:: Description of the task ::
The answer should be the exact lines from the line containing "Android Yeosang" through the last line of the material below, with no pictures.

[Data supplied]

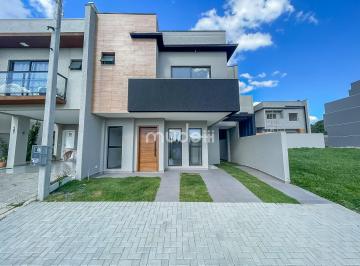 Casa · 120m² · 3 Quartos · 2 Vagas · Residencial Foggiatto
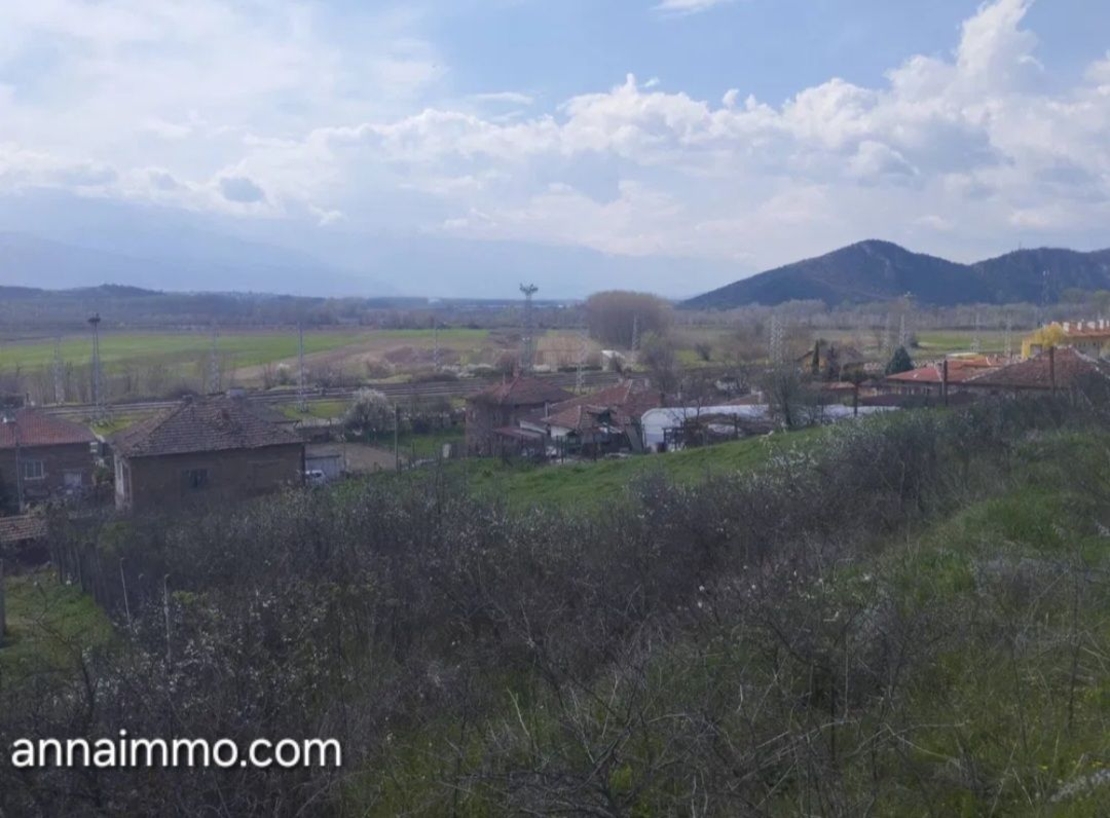 Къща в Село Генерал Тодоров 50000лв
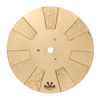 Sabian 8" Chopper - Ev - Entz Music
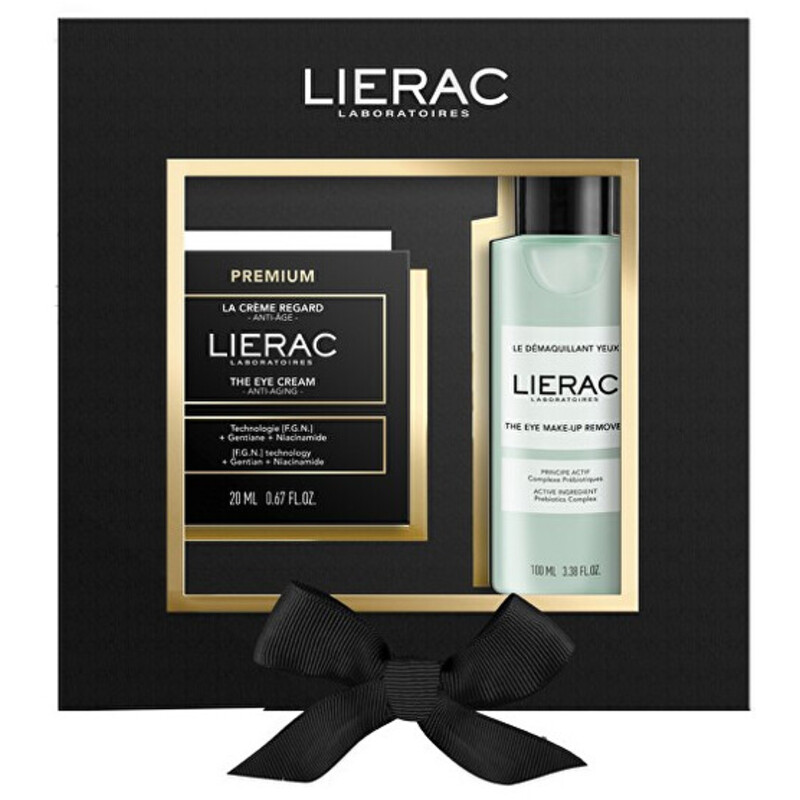 Premium The Eye Set - Darčeková sada
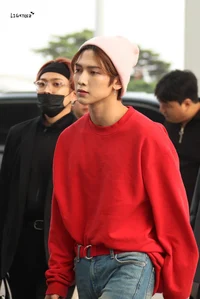 Android Yeosang
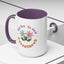 Motivation Mug - Say Yes To New Adventures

[/Data supplied]

:: Answer for the task ::
 Android Yeosang
 Motivation Mug - Say Yes To New Adventures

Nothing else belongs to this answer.